State v. McGuire

2007 WI App 139, 735 N.W.2d 555, 302 Wis. 2d 688, 2007 Wisc. App. LEXIS 395
CourtCourt of Appeals of Wisconsin
DecidedMay 2, 2007
Docket2005AP2832-CR
StatusPublished
Cited by7 cases

This text of 2007 WI App 139 (State v. McGuire) is published on Counsel Stack Legal Research, covering Court of Appeals of Wisconsin primary law. Counsel Stack provides free access to over 12 million legal documents including statutes, case law, regulations, and constitutions.

Bluebook
State v. McGuire, 2007 WI App 139, 735 N.W.2d 555, 302 Wis. 2d 688, 2007 Wisc. App. LEXIS 395 (Wis. Ct. App. 2007).

Opinions

NETTESHEIM, J.

¶ 1. This case examines whether a promissory note issued to a sole investor is a "security" within the meaning of Wis. Stat. § 551.02(13) (2005-06).1 Kevin F. McGuire appeals a judgment convicting him of fraud in connection with the sale of securities, contrary to Wis. Stat. § 551.41(2). Without revealing pertinent information regarding his financial and criminal history, McGuire gave his paramour a promissory note promising to repay with interest money she lent him for his auto racing venture. While this scenario may be at the periphery of what the legislature intended when it enacted Wis. Stat. ch. 551, we hold that it nonetheless falls within that remedial statute's broad scope. We affirm the judgment of conviction.

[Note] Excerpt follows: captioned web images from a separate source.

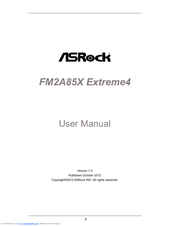 ASRock FM2A85X Extreme4 User Manual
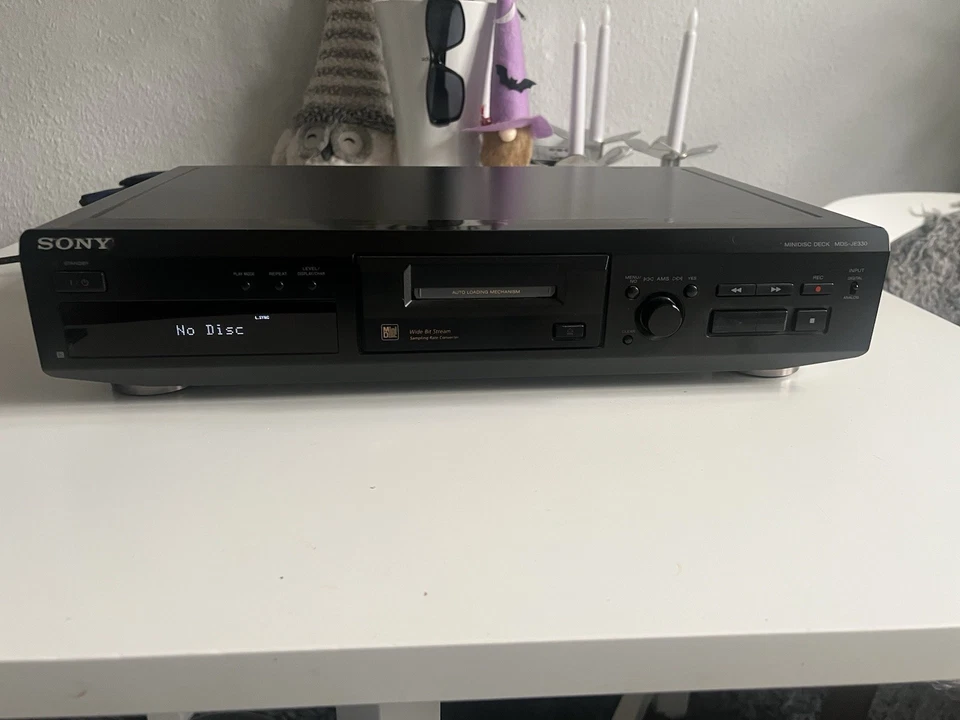 Sony MiniDisc Deck MDS-JE330 – gepflegt, voll funktionsfähig, mit Original-FB - Bild 2 von 4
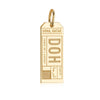 Gold Travel Charm, DOH Doha Luggage Tag - JET SET CANDY  (1720179130426)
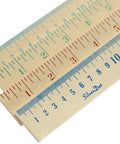 12 Pack Wooden Yardsticks With Dual Inches And Centimeters, One Fifth Inch Thick, Double Sided Rulers In Assorted Colors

■ ¶ 2. The following testimony was given at the trial to the court. Laura DeLuisa met McGuire in January 2001. He told her that he was involved in a NASCAR-related venture and showed her pictures of six or seven race cars that he said he owned.2 He asked DeLuisa whether she would want to display any of the cars at her husband's restaurant. DeLuisa mentioned to McGuire that she was awaiting a personal injury settlement. Thereafter, McGuire telephoned her often, sometimes twice a day, to ask if she would loan him money for his NASCAR-related expenditures.

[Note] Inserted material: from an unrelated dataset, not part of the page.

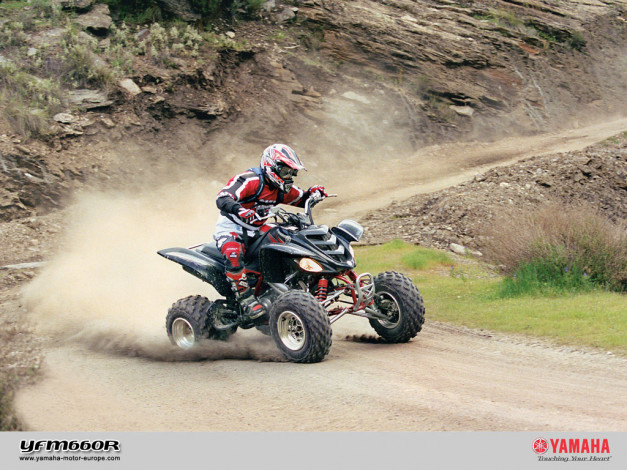 Обои картинки фото yfm660r, мотоциклы, квадроциклы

[695]*695¶ 3. About two days after DeLuisa received her settlement, she began writing checks to people associated with McGuire's NASCAR venture. These included numerous checks between May 8 and May 11, 2001, in amounts between $2500 and $35,000 for purchasing race cars, a trailer and tires, and for repairs. DeLuisa made the checks out to the various vendors, not to McGuire. DeLuisa understood from McGuire that the money was for establishing his NASCAR venture and that, because NASCAR was "up and coming," it would be a good investment. McGuire assured her that as dealerships paid him for showing his race cars, he would repay her, and repeatedly told her she would realize a profit. By the time DeLuisa made her first loan to McGuire their acquaintance had evolved into a romantic relationship. At this point, the only terms were that McGuire would repay the money he borrowed from her.

¶ 4. Eventually, DeLuisa's payments on McGuire's behalf reached $140,000. On July 1, 2001, McGuire signed a promissory note at DeLuisa's lawyer's office by which McGuire agreed to repay DeLuisa $140,000 plus ten percent interest on the unpaid balance amortized over four years. The note provided that, in the event of untimely payments or default, all interest and any amount still owed would become immediately due and payable.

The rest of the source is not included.